Start of Dataset excerpts

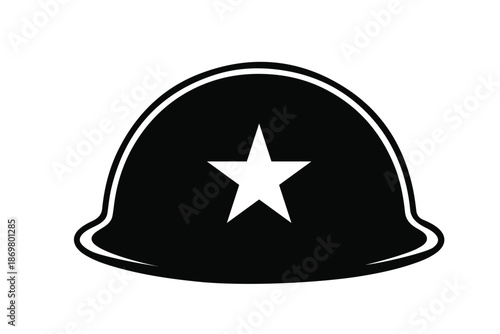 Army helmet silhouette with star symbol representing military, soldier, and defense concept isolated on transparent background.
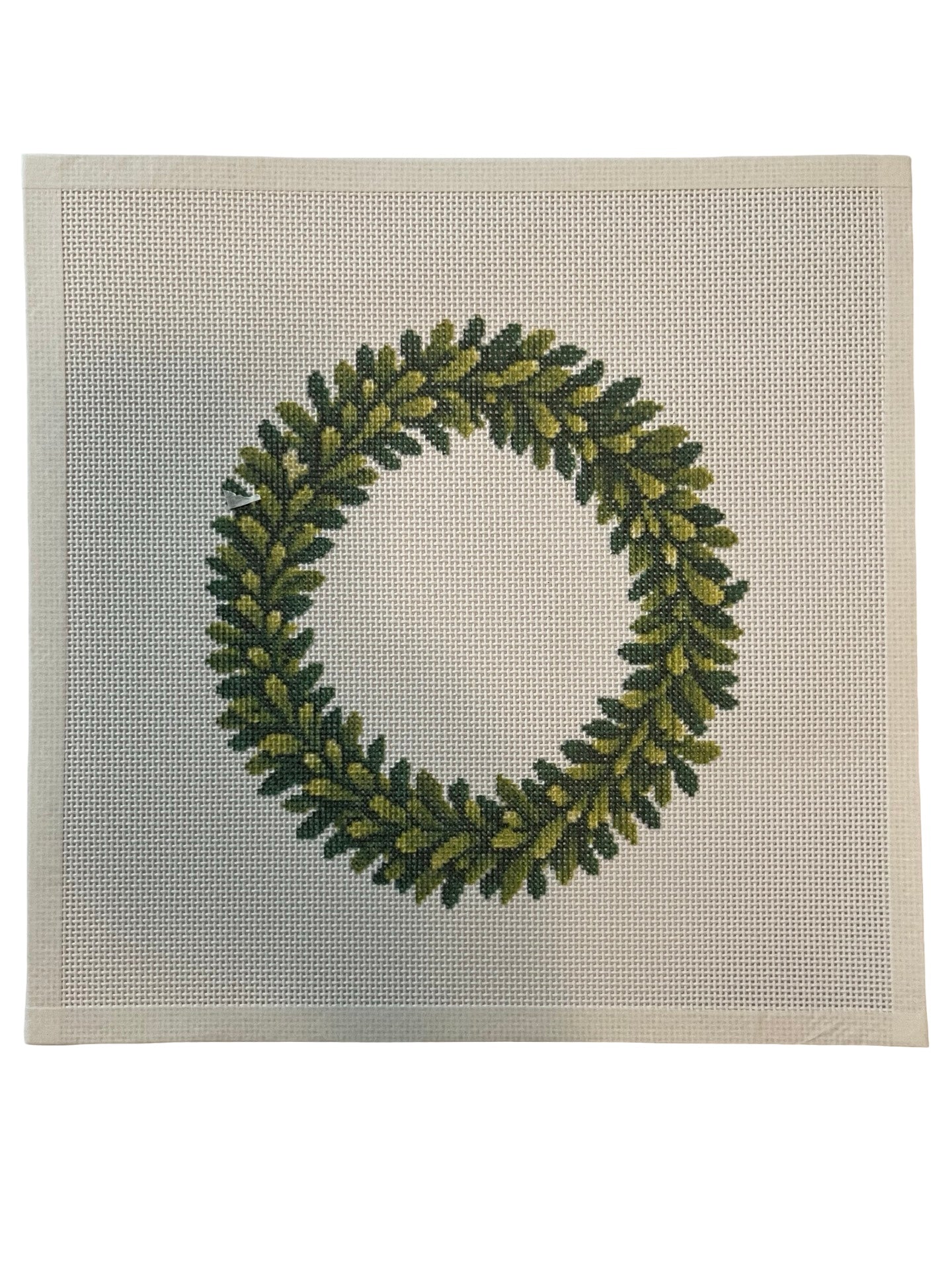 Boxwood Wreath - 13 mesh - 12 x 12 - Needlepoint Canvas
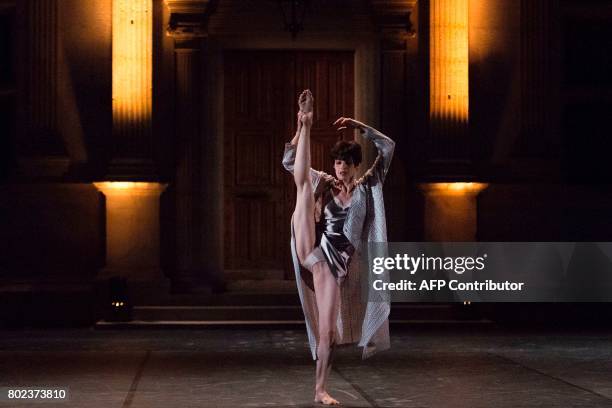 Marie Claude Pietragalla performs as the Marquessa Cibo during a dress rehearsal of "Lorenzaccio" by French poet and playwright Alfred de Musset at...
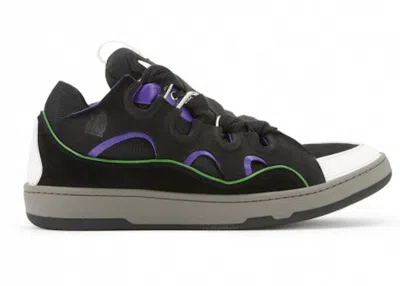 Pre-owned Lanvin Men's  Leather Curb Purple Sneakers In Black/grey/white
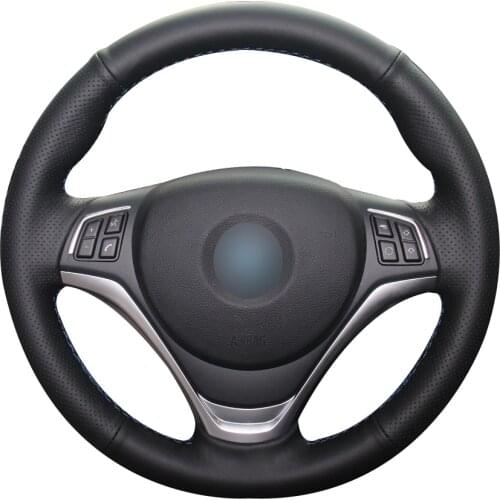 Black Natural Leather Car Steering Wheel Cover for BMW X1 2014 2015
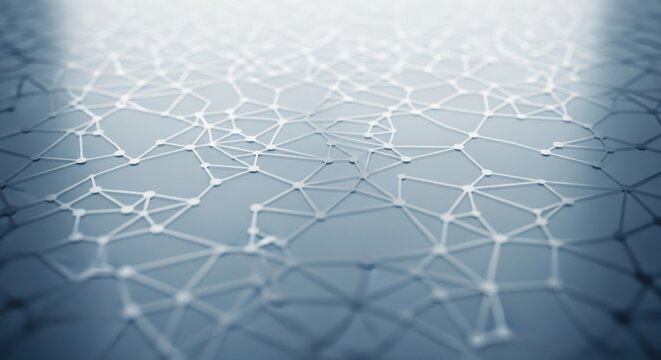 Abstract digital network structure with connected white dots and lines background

End of Dataset excerpts
Start of Dataset excerpts

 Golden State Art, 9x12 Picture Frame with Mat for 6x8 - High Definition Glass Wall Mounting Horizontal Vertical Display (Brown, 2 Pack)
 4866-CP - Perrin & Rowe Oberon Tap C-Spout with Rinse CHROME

End of Dataset excerpts

Work to be completed -> Starting at the line containing "Army helmet silhouette" and finishing at the line containing "Black Natural Leather", return those lines exactly as they appear above, without the pictures.

Reply ->
 Army helmet silhouette with star symbol representing military, soldier, and defense concept isolated on transparent background.
 Boxwood Wreath - 13 mesh - 12 x 12 - Needlepoint Canvas
 Marie Claude Pietragalla performs as the Marquessa Cibo during a dress rehearsal of "Lorenzaccio" by French poet and playwright Alfred de Musset at...
 Pre-owned Lanvin Men's  Leather Curb Purple Sneakers In Black/grey/white
 Black Natural Leather Car Steering Wheel Cover for BMW X1 2014 2015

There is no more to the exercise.